The frame size sets the tone for overall mountain bike comfort; all other appropriate dimensions of the bike can be achieved with the proper frame size. To determine which frame is the right size for you, you need to know your height and your in-seam measurement. Your height will essentially guide your sizing process. Mountain bike manufacturers list frame sizes according to seat tube length, and seat tube lengths are directly linked to your height. The following is a basic guideline (in size and inches) for frame size, as manufacturers would list them, and correlating rider size:
- XS (13-14 inches): for riders between 5 ft. and 5 ft. 4 inches
- S (14-16 inches): for riders between 5 ft. 4 inches and 5 ft. 7 inches
- M (16-18 inches): for riders between 5 ft. 7 inches and 5 ft. 10 inches
- L (18-20 inches): for riders between 5ft. 10 inches and 6 ft. 1 inch
- XL (20-22 inches): for riders over 6 ft. 1 inch
The in-seam will measure your stand over height (the clearance between your crotch and the top tube of the bike when straddling the bike frame). Experts recommend at least a 1.5″ stand over height. So for example, if your in-seam is 28 inches, the bike frame should stand no higher than 26.5 inches off of the ground.
Once the frame height is established, things like seat height/position and handlebar reach/height can be addressed. Just as with frame sizing, however, this process in mountain bike sizing is best judged by your overall comfort level. There are general guidelines to follow, though:
– Seat Height and Position: When sitting on the bike, your knee should be slightly bent at the downward most position of the pedal (i.e. your legs should never be completely extended at any point in the pedaling process when seated). Start with the seat as level as possible and adjust to a slightly tipped back or slightly tipped forward position as dictated by your comfort.
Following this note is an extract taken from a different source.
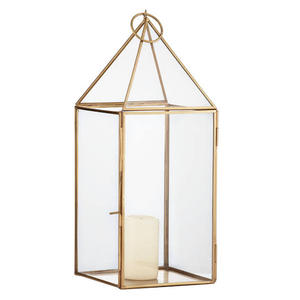 Elegante Portavelas de Cristal y Metal Dorado con Diseño de Linterna para Decoración del Hogar, Bodas/Eventos, Candelabro Navideño - Product Image 6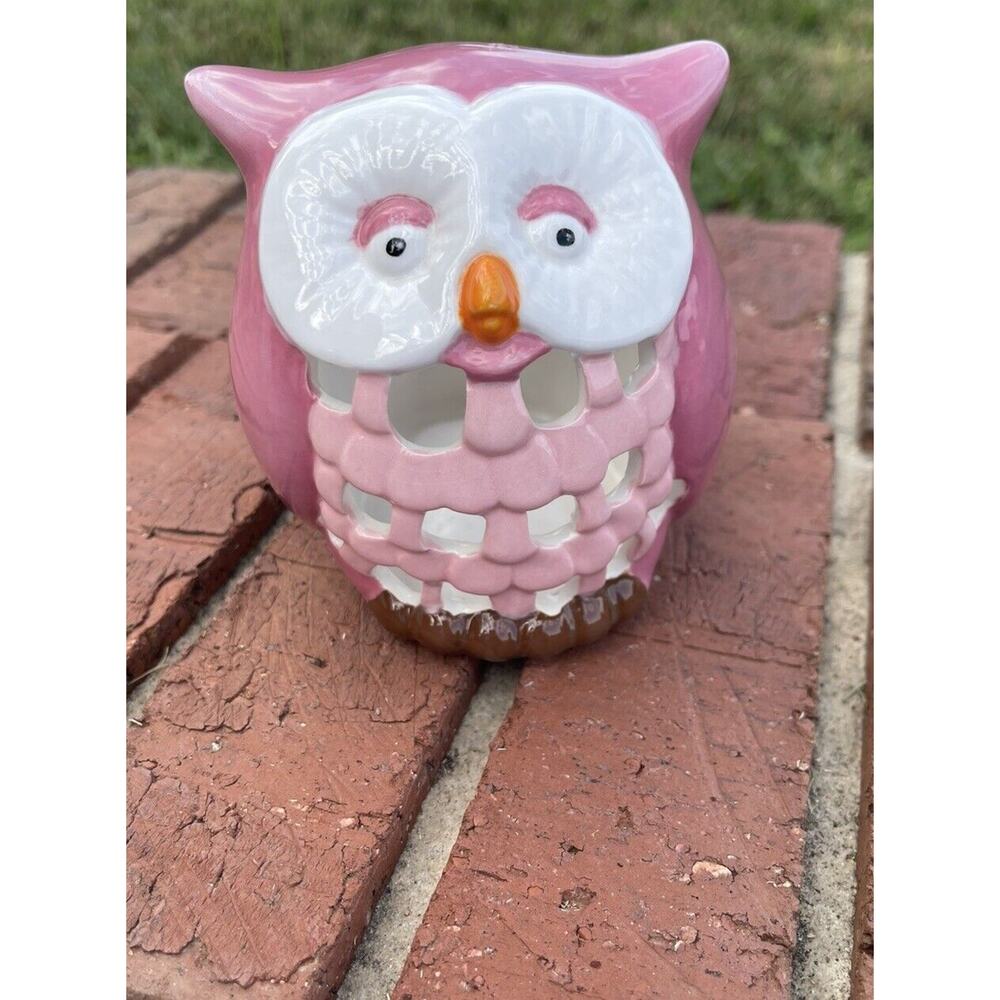 Owl Sponge Holder Pink Hand painted Pottery Bohemian Cottagecore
– Handlebar Reach and Height: In terms of mountain bike sizing, handlebar adjustments are the most subjective aspect. Again, let comfort be your guide. Generally speaking though, your elbows should be slightly bent and the handlebars should be set higher than the seat (this is particularly the case for beginners).
Follow these basic guidelines for mountain bike sizing and get riding! Just remember, be comfortable and be safe!